• **Exercise data**:

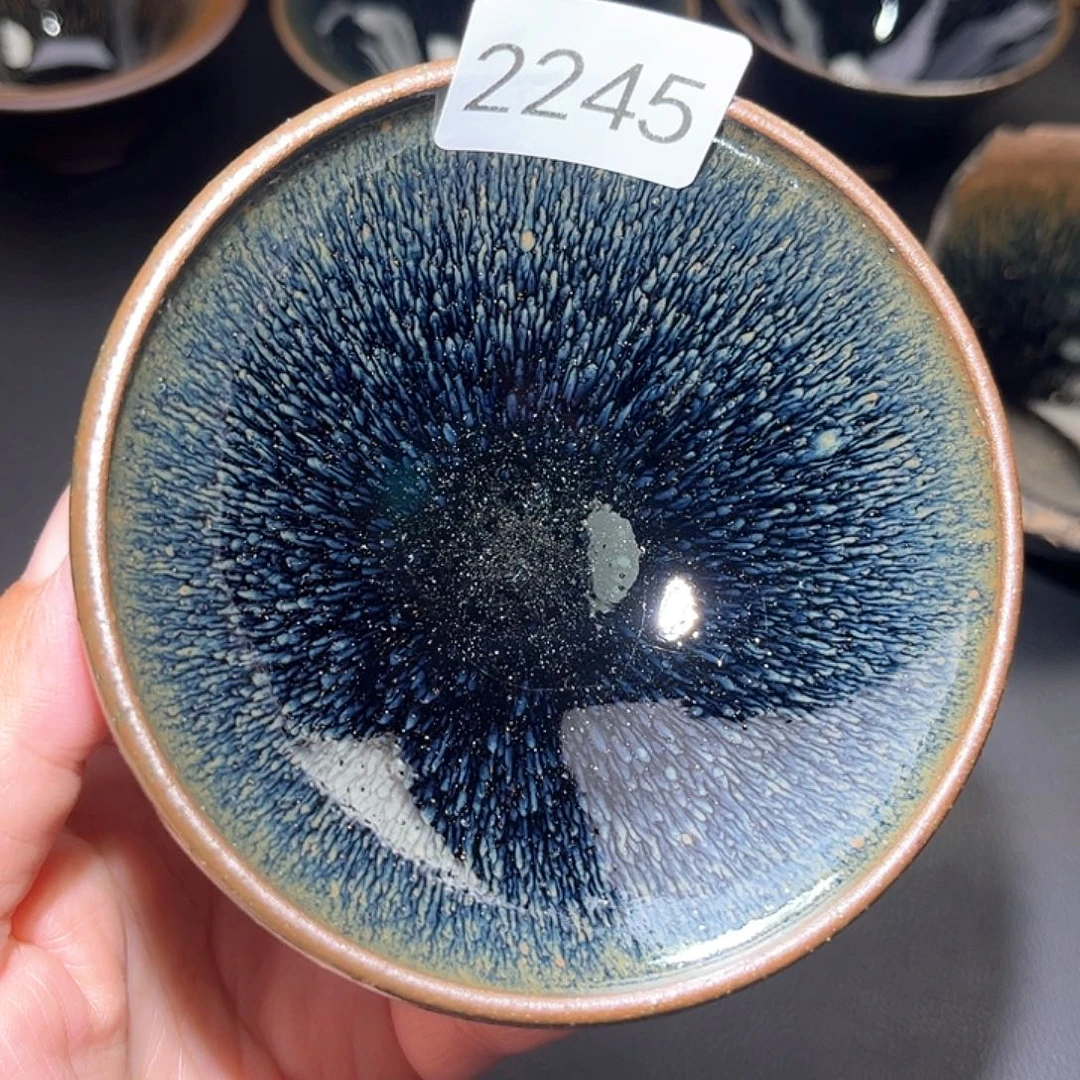 茶盏柴烧建盏2245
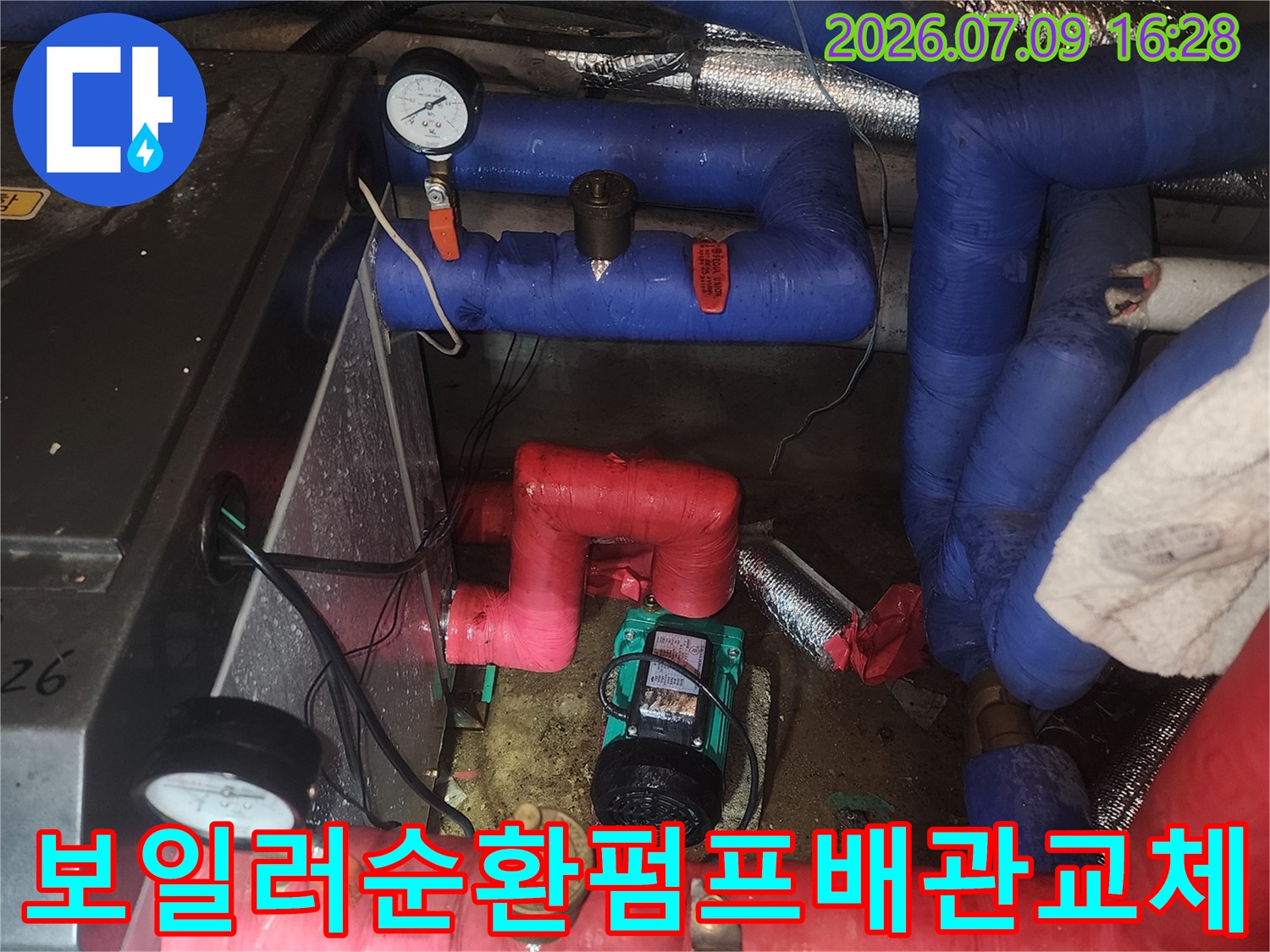 보일러실 내 설치된 순환펌프와 파란색 및 빨간색 보온재로 마감된 배관 시스템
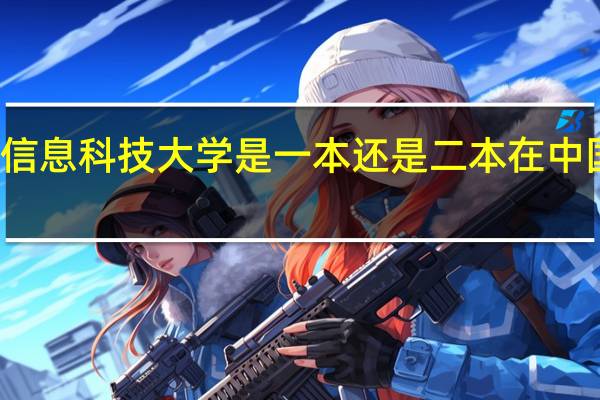 北京信息科技大学是一本还是二本在中国大学排名?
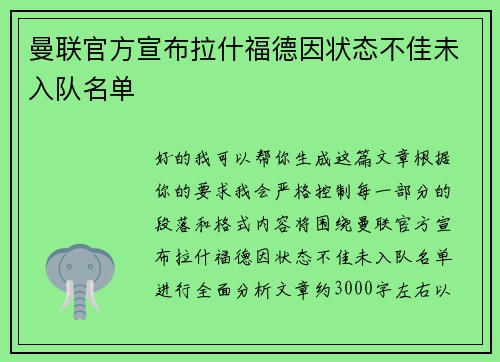 曼联官方宣布拉什福德因状态不佳未入队名单 曼联官方宣布拉什福德因状态不佳未入队名单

• **Task brief**:
When you retype the data above, match every line exactly and leave the pictures behind.

• **Answer to the problem**:
 茶盏柴烧建盏2245
 보일러실 내 설치된 순환펌프와 파란색 및 빨간색 보온재로 마감된 배관 시스템
 北京信息科技大学是一本还是二本在中国大学排名?
 曼联官方宣布拉什福德因状态不佳未入队名单 曼联官方宣布拉什福德因状态不佳未入队名单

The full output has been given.